DIASPORA remittances dropped by 15 percent in the first half of the year to $387,9 million due to rapid currency depreciation in source markets against the United States dollar.
The Government has since moved to expedite the implementation of the National Diaspora Policy to promote the flow of funds through the formal financial system.
Diaspora remittances are a major source of liquidity in the country after exports.
In his mid-term fiscal policy statement yesterday, Finance and Economic Development Minister Patrick Chinamasa said the use of informal transfers also contributed to the decline.
“During the first six months of 2016, Diaspora remittances amounted to $387,9 million, compared to $457,8 million received during the corresponding period in 2015.
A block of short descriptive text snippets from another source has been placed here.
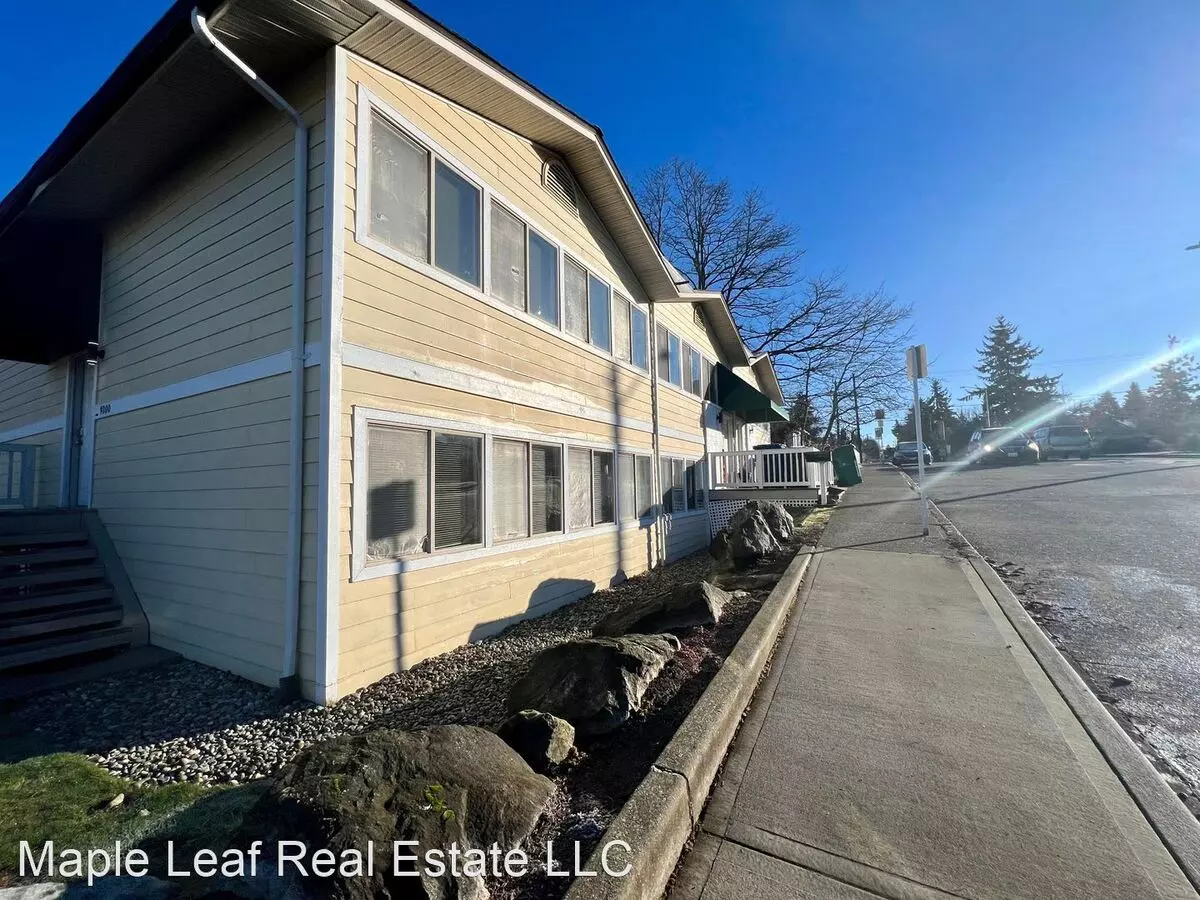 9200 Densmore Ave N Seattle, WA 98103 photo 3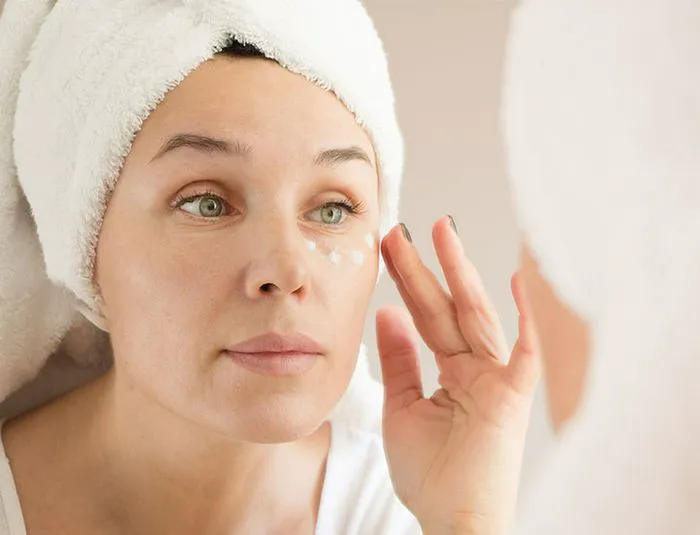 woman-putting-on-eye-cream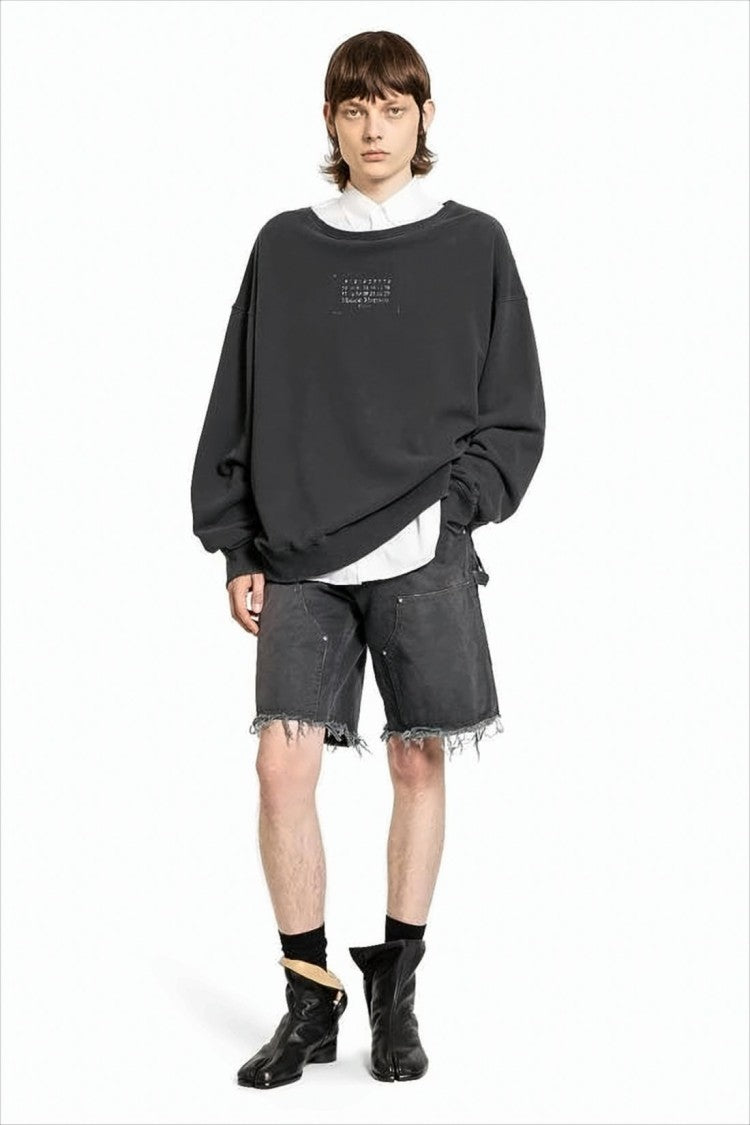 Mid-Thigh Relaxed Fit Shorts With Distressed Hem And Utility Pockets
“However, part of the decline might also be reflective of increased use of informal transfer channels,” he said.
As part of measures to harness Diaspora remittances, by December 2015, the Government had licensed 34 money transfer agencies.
The minister said the anticipated decline in Diaspora remittances beyond 2016 would exert pressure on the country’s balance of payments.
“It’s therefore, vital that we expedite the implementation of the National Diaspora Policy to provide an enabling framework that promotes the flow of the funds through the formal financial system,” he said.
Chinamasa noted that the private sector offshore external loans have been an internal integral source of liquidity in the economy since the adoption of a multicurrency system in February 2009.
The loans, he said, have largely been utilised for working capital and capitalisation.
“During the period from January to June 2016, the Reserve Bank of Zimbabwe approved and registered a total of 156 private sector loan facilities totalling $976,4 million. The agriculture sector has the highest contribution of 49 percent, which is mostly buoyed by the tobacco sector,” said the minister.
Chinamasa also said dependency on loan financing as opposed to equity financing to fund business investments was often symptomatic of investors’ mitigation of perceived unfavourable investment climate and risks.
“This is also true for investors who resort to using the Engineering Procurement Construction model as opposed to equity investment,” he said.